Paper:
Problems in Earthquake Resistance Evaluation of Gabion Retaining Wall Based on Shake Table Test with Full-Scale Model
Hiroshi Nakazawa*1,, Kazuya Usukura*2, Tadashi Hara*3, Daisuke Suetsugu*4, Kentaro Kuribayashi*2, Tsuyoshi Nishi*5, Shun Kimura*6, and Shoji Shimomura*7
*1Earthquake Disaster Mitigation Research Division, National Research Institute for Earth Science and Disaster Resilience (NIED)

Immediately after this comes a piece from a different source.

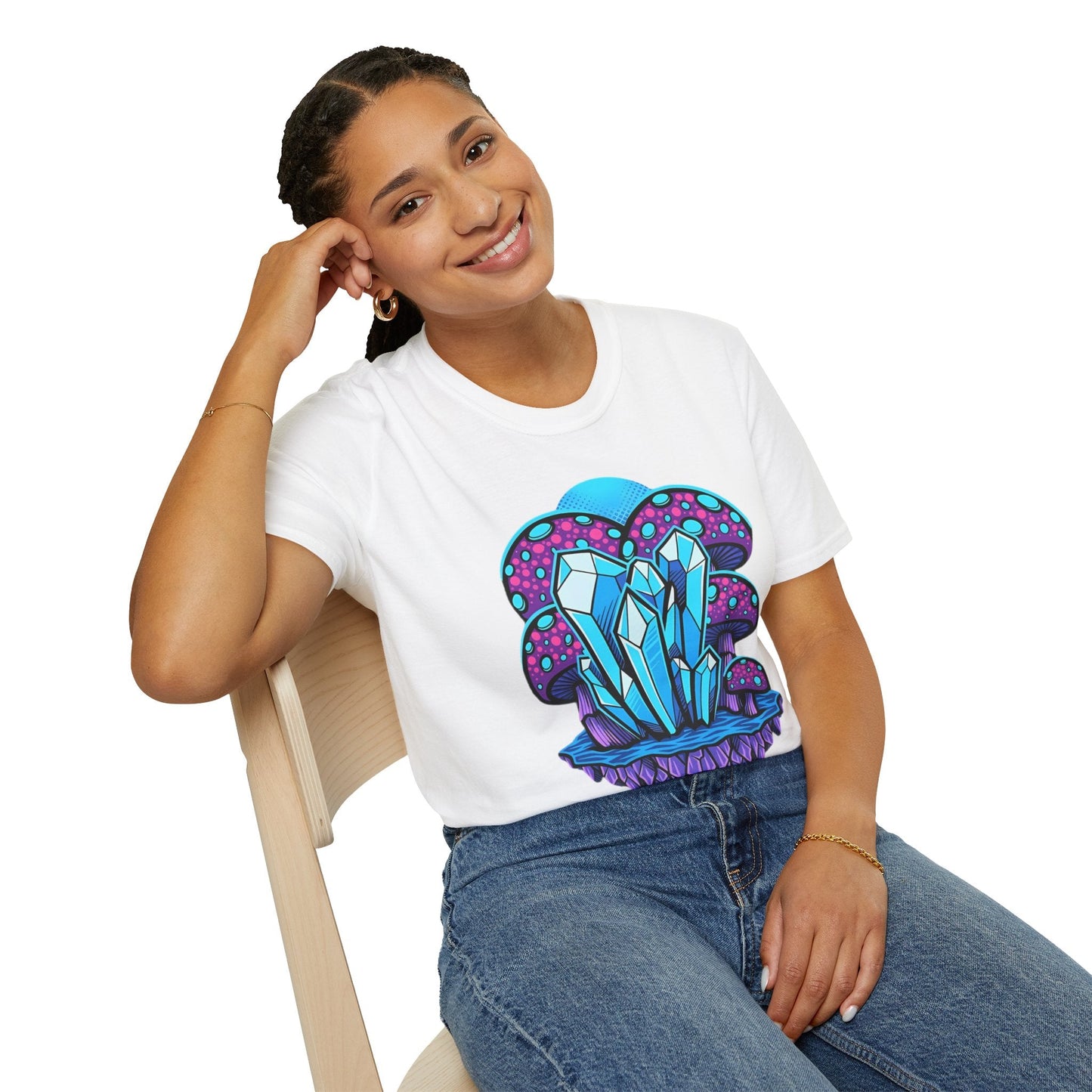 Mashroom Tee Shirt Softstyle Gildan 64000 100 Percent Ring Spun Cotton Breathable Funny Fungus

3-1 Tennodai, Tsukuba, Ibaraki 305-0006, Japan
Corresponding author
*2Eight-Japan Engineering Consultants Inc. (EJEC), Okayama, Japan
*3Kochi University, Kochi, Japan
*4University of Miyazaki, Miyazaki, Japan
*5Construction Project Consultants Inc., Tokyo, Japan
*6Eight-Japan Engineering Consultants Inc. (EJEC), Tokyo, Japan
*7Daioh Shinyo Co., Ltd., Kochi, Japan
The earthquake (Mw 7.3) that struck Nepal on April 25, 2015 caused damage to many civil engineering and architectural structures. While several road gabion retaining walls in mountainous regions incurred damage, there was very little information that could be used to draw up earthquake countermeasures in Nepal, because there have been few construction cases or case studies of gabion structures, nor have there been experimental or analytical studies on their earthquake resistance. Therefore, we conducted a shake table test using a full-scale gabion retaining wall to evaluate earthquake resistance. From the experiments, it was found that although gabion retaining walls display a flexible structure and deform easily due to the soil pressure of the backfill, they are resilient structures that tend to resist collapse. Yet, because retaining walls are assumed to be rigid bodies in the conventional stability computations used to design them, the characteristics of gabions as flexible structures are not taken advantage of. In this study, we propose an approach to designing gabion retaining walls by comparing the active collapse surface estimated by the trial wedge method, and the experiment results obtained from a full-scale model of a vertically-stacked wall, which is a structure employed in Nepal that is vulnerable to earthquake damage. When the base of the estimated slip line was raised for the trial wedge method, its height was found to be in rough agreement with the depth at which the gabion retaining wall deformed drastically in the experiment. Thus, we were able to demonstrate the development of a method for evaluating the seismic stability of gabion retaining walls that takes into consideration their flexibility by adjusting the base of the trial soil wedge.